Thu Dec 22nd, 2016
The Southern Ute Drum
Tags: Air Quality, Air Quality Program, Alex S. Cloud, Clean Air Act Title V Operating Permit, Clean Air Excellence Award, Crystal Kelly, David Heermance, EPA, Hall of Warriors, Legal, Legal Department, Lorelyn Hall, Mark Hutson, Policy Innovation, Regulatory Innovation, Tom Johnson, Tribal Council, U.S. Environmental Protection Agency
The Southern Ute Indian Tribe gathered in the Hall of Warriors on Tuesday, Dec. 13 to celebrate the national recognition of the tribe’s Air Quality Program. The Air Quality Program received U.S. Environmental Protection Agency (EPA) 2016 Clean Air Excellence Award for Regulatory and Policy Innovation, back in June of this year. The tribe received the award for successful implementation of its Clean Air Act Title V Operating Permit program – the first and only approved Title V air program in Indian Country.
At the ceremony Environmental Programs Division Head Tom Johnson talked about the history of the program and the role the tribe has played in making all its environmental programs a priority.
“The tribe for many years has had excellent Air Quality Program thanks to the membership, staff and guidance from council and everyone here.”
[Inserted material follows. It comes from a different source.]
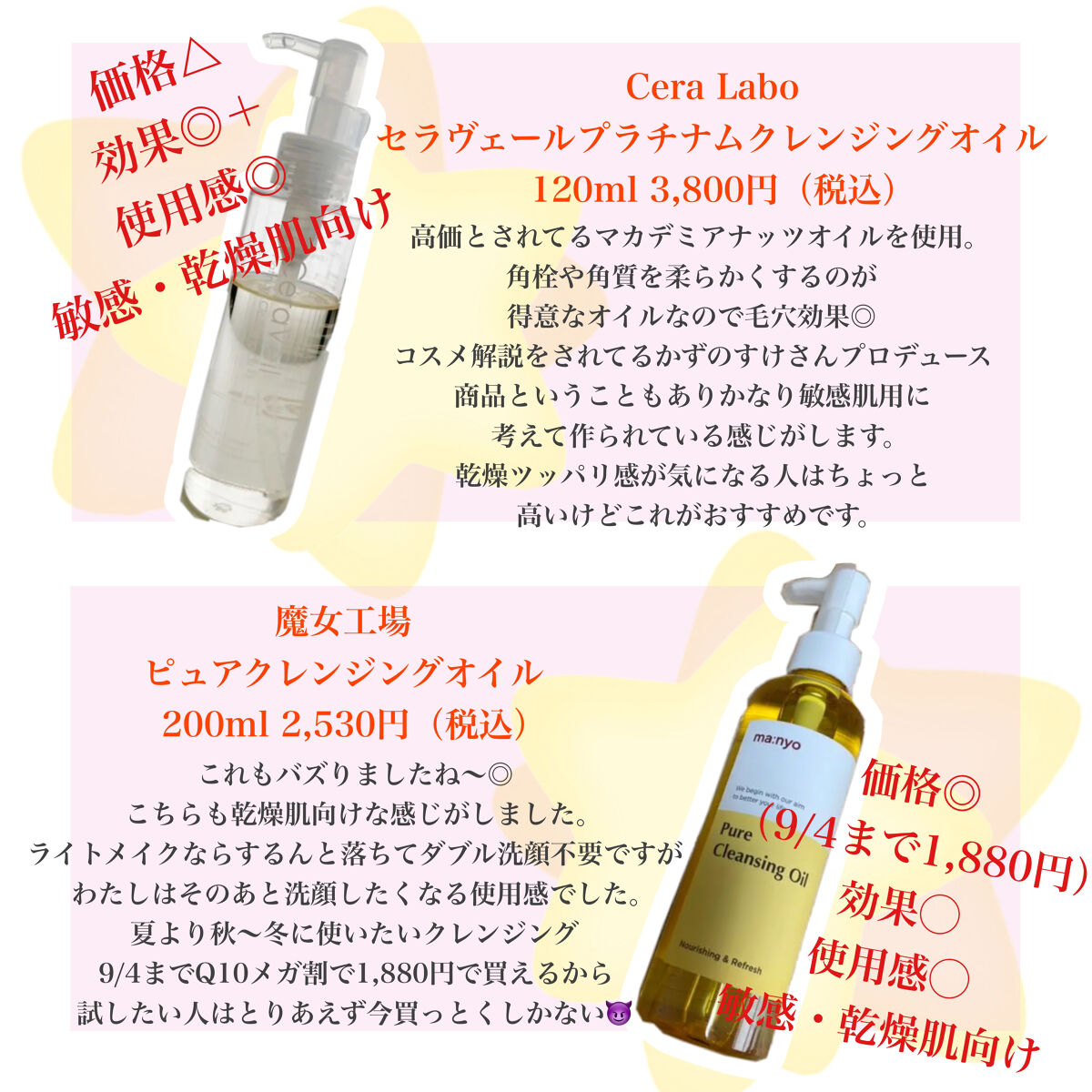 （旧）アルティム8∞ スブリム ビューティ クレンジング オイル/shu uemura/オイルクレンジングを使ったクチコミ（3枚目）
Vice Chairman Alex S. Cloud recognized Air Quality staff handing out beaded Southern Ute Indian Tribe pins. Cloud said “We’ve come a long way,” and added that the tribe is number one in the country in different areas and that’s thanks to the staff.
Air Quality Program Manager Mark Hutson received a beaded bolo tie of the EPD logo.
“Thanks to the staff that help us do our work and thanks to [Michael] Frost for his vision to get this program going,” Hutson said. “I came here 3 years ago and it was the best choice I’ve made.”
The Air Quality Program began with a basic monitoring program in 1981 under Mike “Fire” Frost, Johnson said. Frost played an integral role in establishing the Environmental Programs Division and is remembered for his enthusiasm and work to improve public health and environmental protection on the Southern Ute Reservation and all across Indian Country.
Cheryl Frost sister of the late Mike “Fire” Frost spoke on her family’s behalf at the ceremony.
“He would be proud … you’d make him proud,” Frost said thanking the staff for continuing the work of her brother.